START EXERCISE DATA
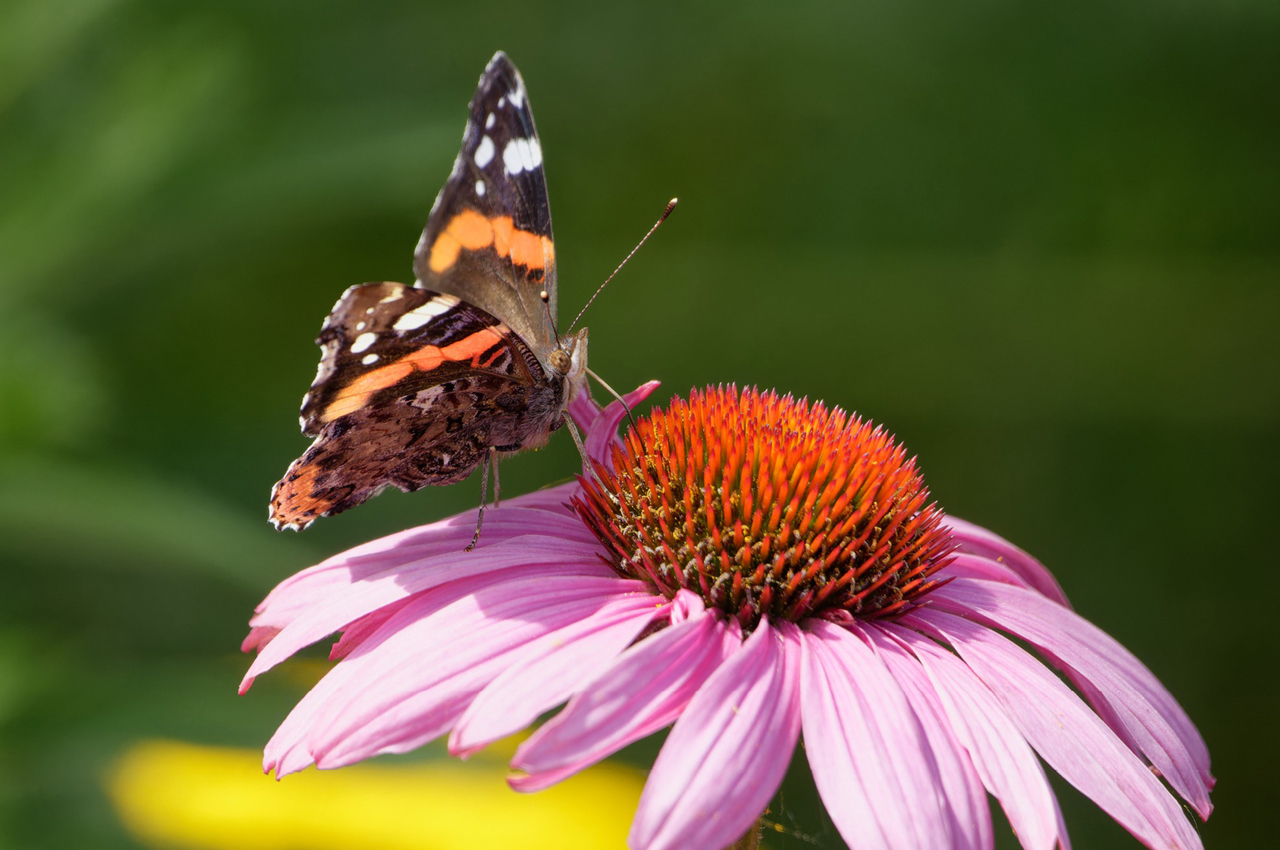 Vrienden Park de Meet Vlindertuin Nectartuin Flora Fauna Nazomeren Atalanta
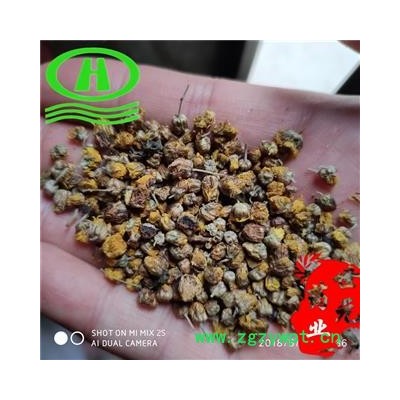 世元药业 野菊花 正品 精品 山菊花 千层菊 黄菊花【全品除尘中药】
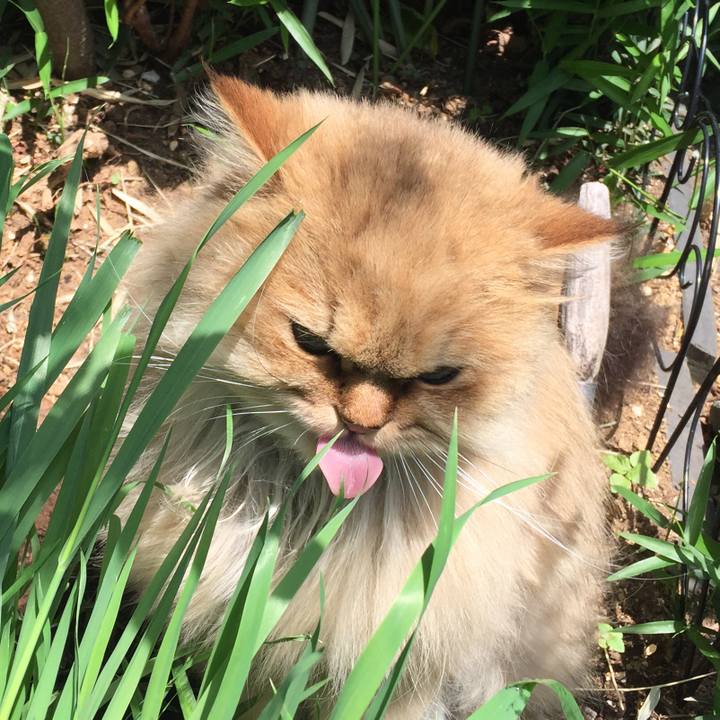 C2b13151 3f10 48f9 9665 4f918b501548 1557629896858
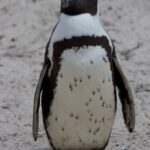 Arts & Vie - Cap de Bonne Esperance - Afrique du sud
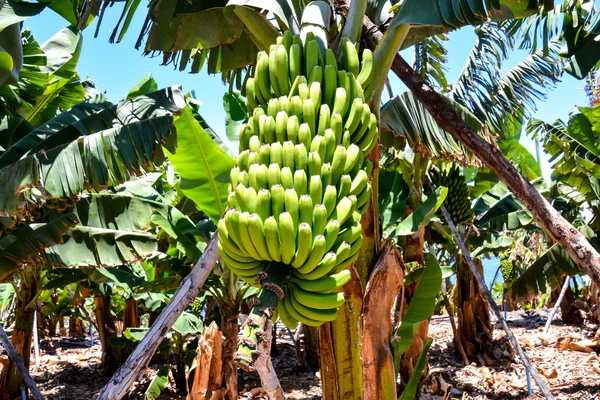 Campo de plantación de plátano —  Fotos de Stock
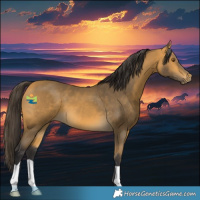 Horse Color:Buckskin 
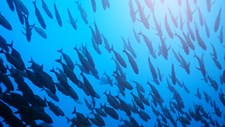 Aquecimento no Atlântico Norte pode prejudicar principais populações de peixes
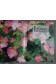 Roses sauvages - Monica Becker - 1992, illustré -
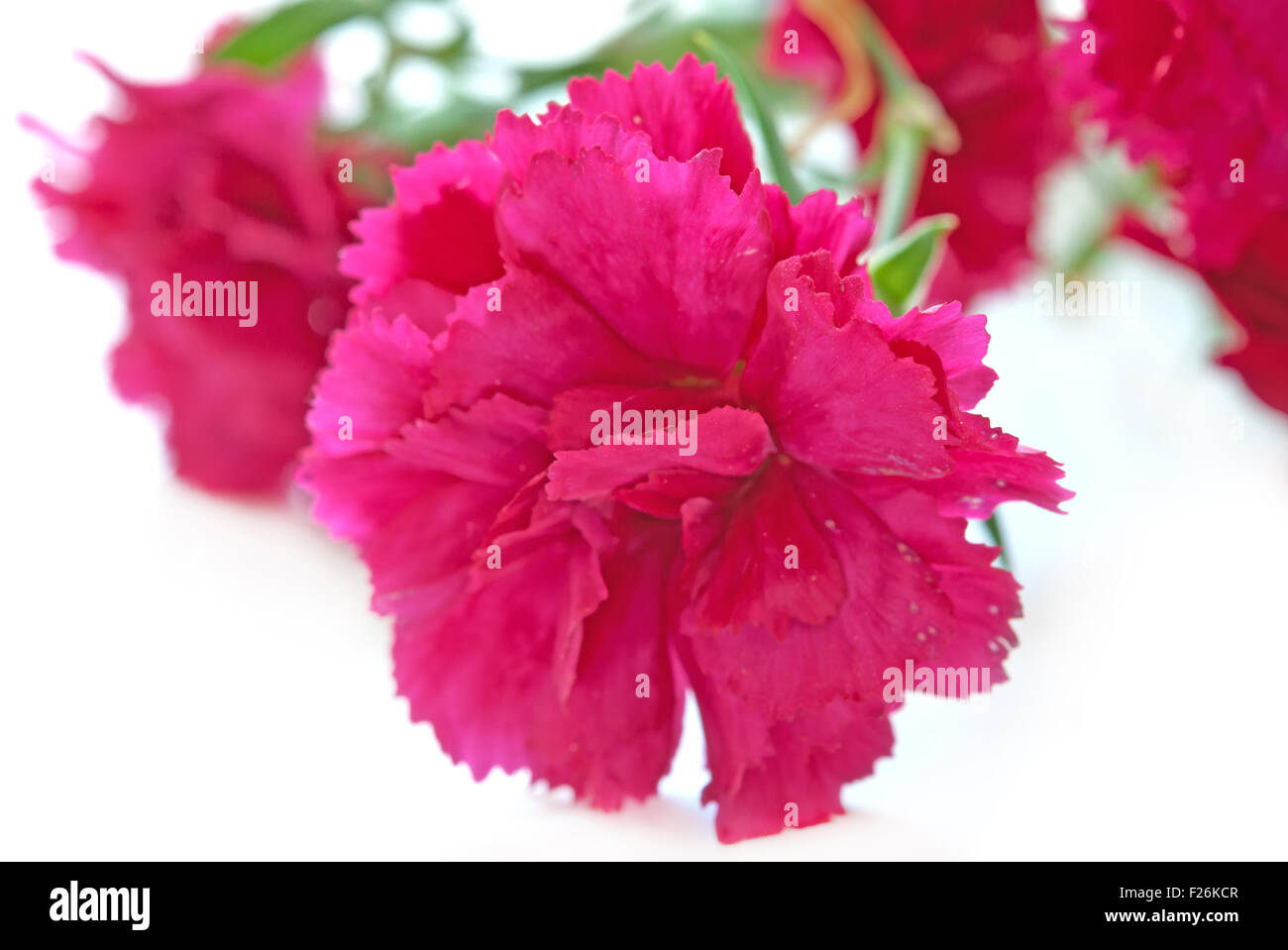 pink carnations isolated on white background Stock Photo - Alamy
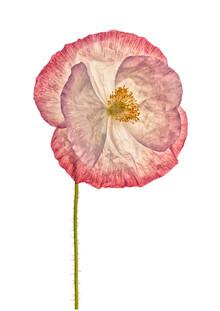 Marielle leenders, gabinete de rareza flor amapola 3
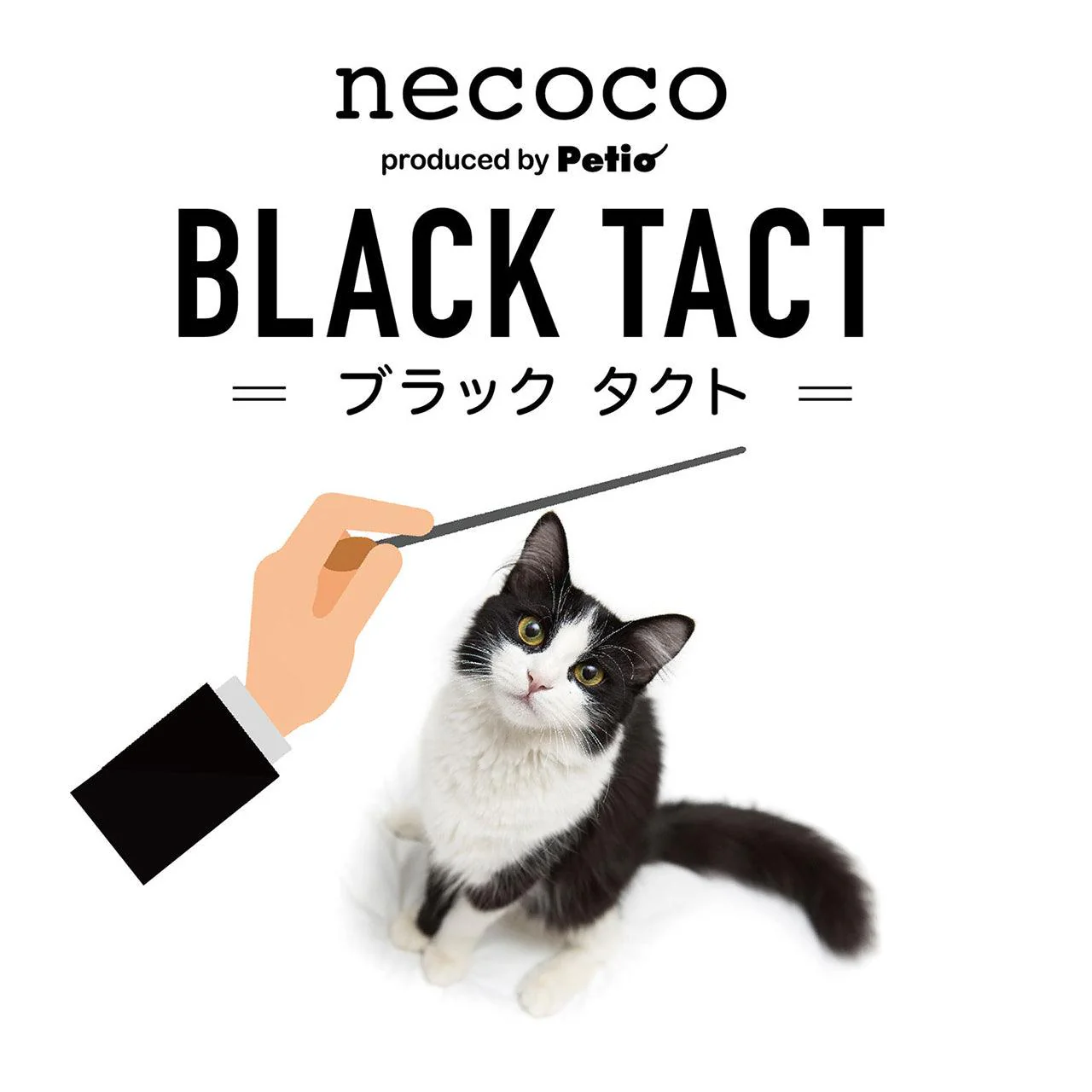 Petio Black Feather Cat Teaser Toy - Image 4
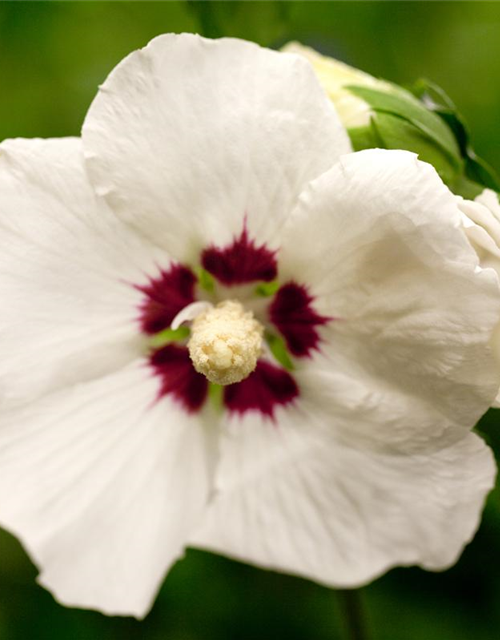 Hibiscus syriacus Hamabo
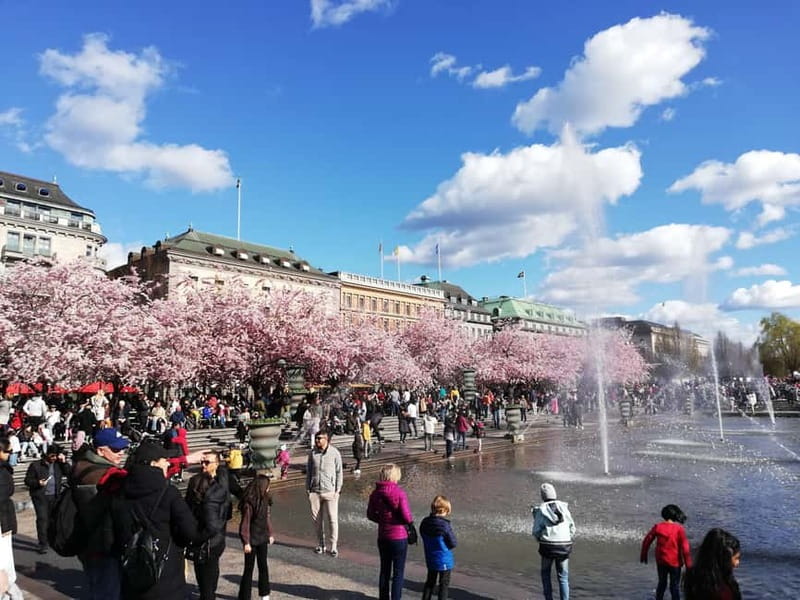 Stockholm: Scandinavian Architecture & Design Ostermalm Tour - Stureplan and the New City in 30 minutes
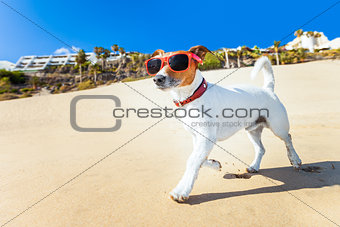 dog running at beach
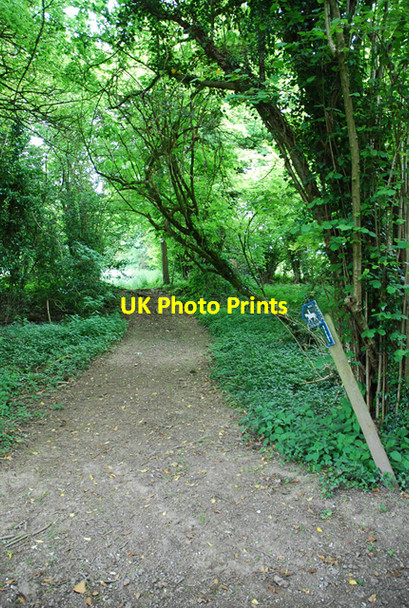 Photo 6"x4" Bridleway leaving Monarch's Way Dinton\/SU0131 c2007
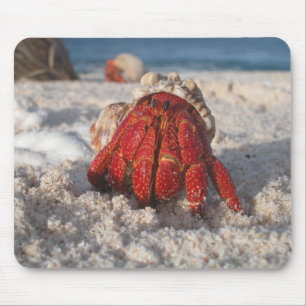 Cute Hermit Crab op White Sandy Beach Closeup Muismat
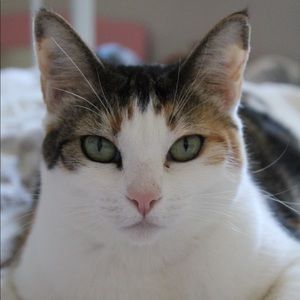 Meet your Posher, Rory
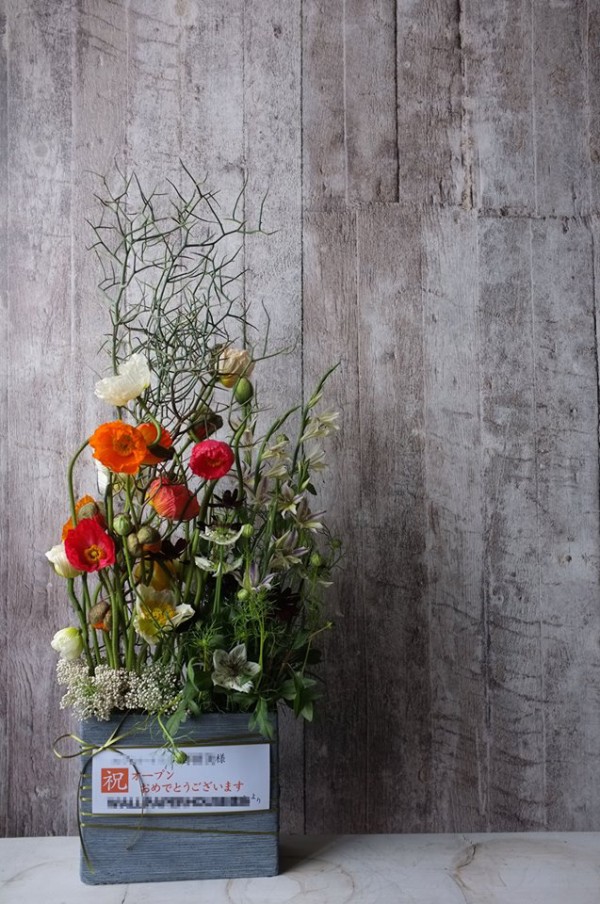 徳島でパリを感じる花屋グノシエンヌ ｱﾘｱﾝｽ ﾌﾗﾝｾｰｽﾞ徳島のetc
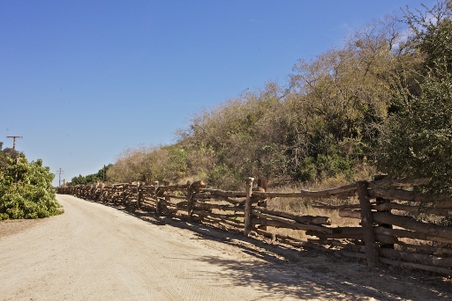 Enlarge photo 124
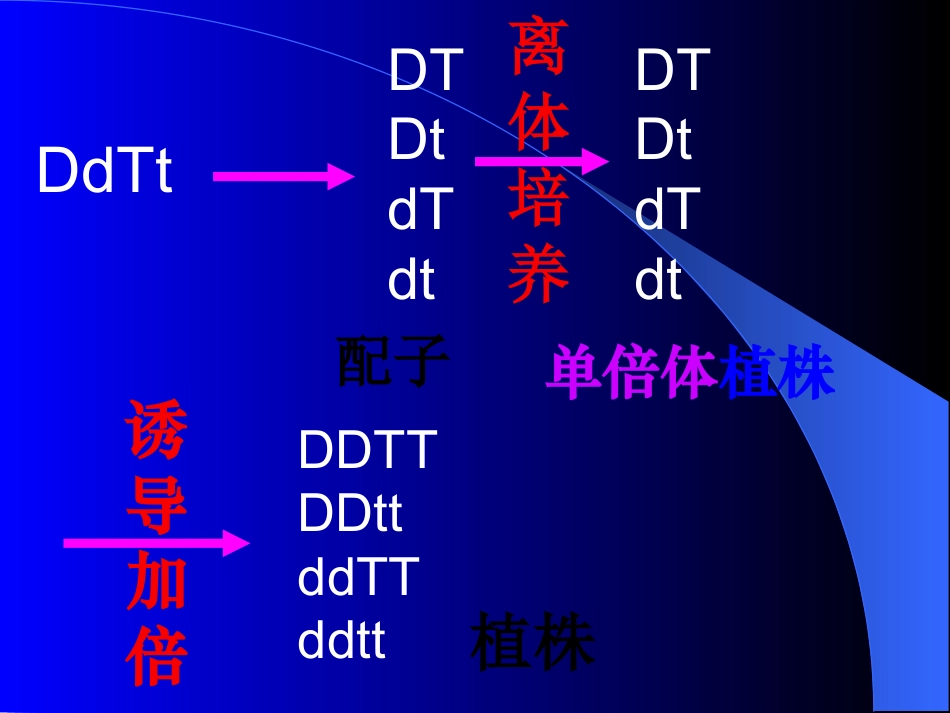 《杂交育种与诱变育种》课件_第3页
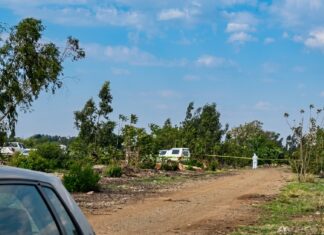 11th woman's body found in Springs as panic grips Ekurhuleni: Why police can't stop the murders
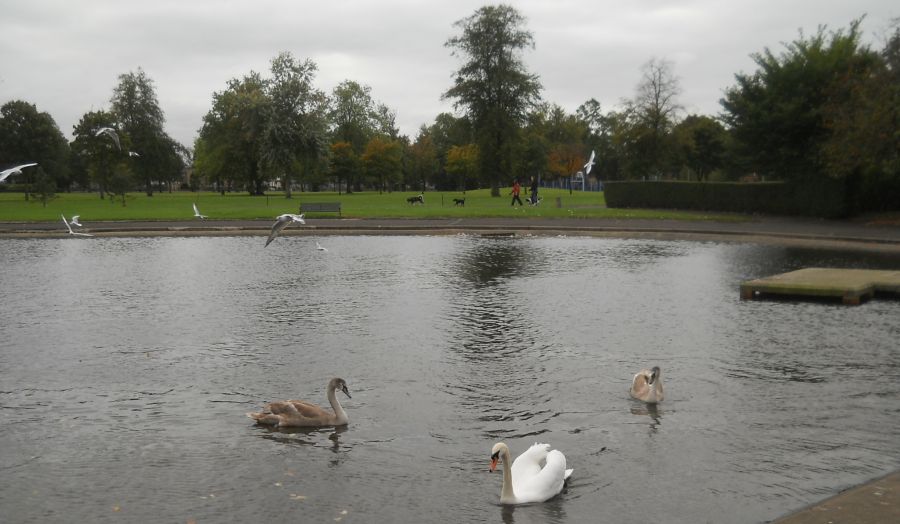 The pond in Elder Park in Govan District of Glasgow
END EXERCISE DATA
- _INSTRUCTIONS FOR THE TASK_: With pictures left out, transcribe each line from the one containing "Aquecimento no Atlântico" through the end of the data, both ends included.

- _SOLUTION FOR THIS PROBLEM_:
 Aquecimento no Atlântico Norte pode prejudicar principais populações de peixes
 Roses sauvages - Monica Becker - 1992, illustré -
 pink carnations isolated on white background Stock Photo - Alamy
 Marielle leenders, gabinete de rareza flor amapola 3
 Petio Black Feather Cat Teaser Toy - Image 4
 Hibiscus syriacus Hamabo
 Stockholm: Scandinavian Architecture & Design Ostermalm Tour - Stureplan and the New City in 30 minutes
 dog running at beach
 Photo 6"x4" Bridleway leaving Monarch's Way Dinton\/SU0131 c2007
 Cute Hermit Crab op White Sandy Beach Closeup Muismat
 Meet your Posher, Rory
 徳島でパリを感じる花屋グノシエンヌ ｱﾘｱﾝｽ ﾌﾗﾝｾｰｽﾞ徳島のetc
 Enlarge photo 124
 《杂交育种与诱变育种》课件_第3页
 11th woman's body found in Springs as panic grips Ekurhuleni: Why police can't stop the murders
 The pond in Elder Park in Govan District of Glasgow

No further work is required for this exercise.